Le Voir qui nous “précède”

Le Voir qui nous “précède”

“Je ne suis pas mon esprit”. Je voudrais revenir sur cette affirmation. Au regard de certains échanges, je remarque que la différenciation qu’elle est censée provoquer ne se fait pas. Au lieu de nous désidentifier de la pensée et de nous retrouver dans la présence de notre Nature, c’est encore l’esprit qui s’en empare. Nous restons dans la sphère du mental, ne faisant qu’y ajouter une nouvelle “compréhension”, une nouvelle “idée”.

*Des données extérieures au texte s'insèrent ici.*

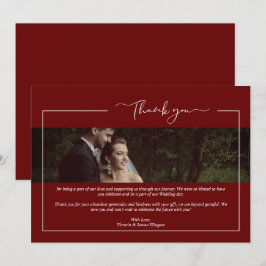 Modern Red Newlyweds Wimshical Calligraphy Tack Kort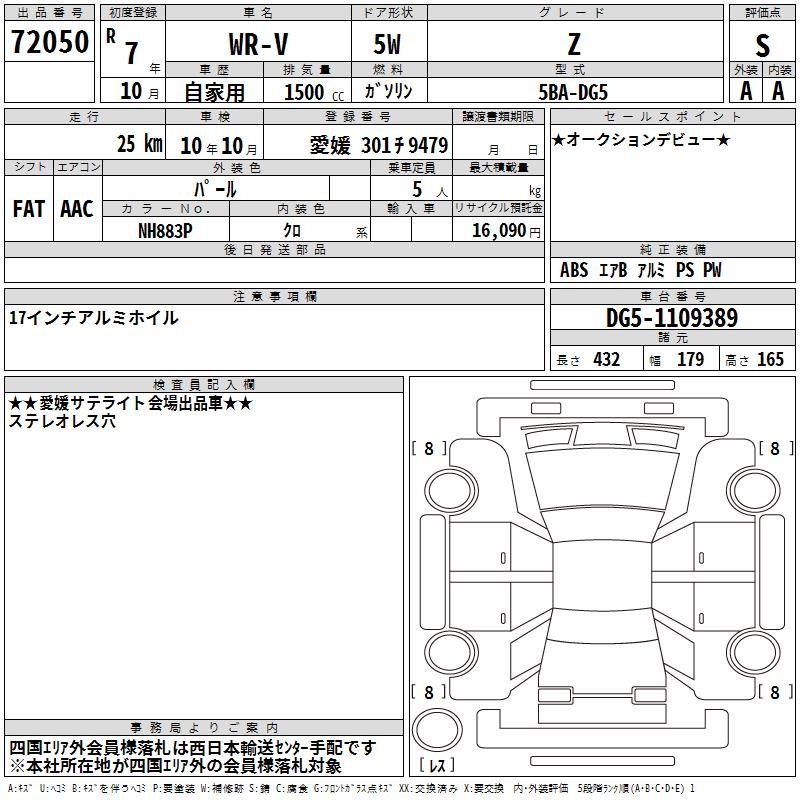 Аукционный лист HONDA WR-V 2025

“Je ne suis pas mon esprit”, ça veut dire que tout ce qu’il affirme, absolument tout, n’a rien à voir avec ce que nous sommes réellement. Dans un billet précédent, j’ai donné l’exemple de la “pièce” dont l’espace reste intact, sans traces, malgré les activités qui s’y déroulent. C’est aussi l’exemple du silence, qui malgré les sons qui s’élèvent n’est pas affecté. Ce que nous sommes en notre Être est de même nature. Le mouvement ou la voix de l’esprit n’est qu’un son vide, pareil au reflet qui danse à la surface de l’eau. Celui-ci, bien que perceptible, ne représente qu’un ornement qui témoigne de l’unité et de l’interdépendance de tout ce qui compose le monde. La pensée que nous connaissons est comparable à un film ou à un programme projeté en nous. À tout moment, elle peut changer ou s’interrompre. Pourtant, cela n’a aucune incidence sur la “lumière” ou la source qui permet l’émergence de notre “l’imagination”.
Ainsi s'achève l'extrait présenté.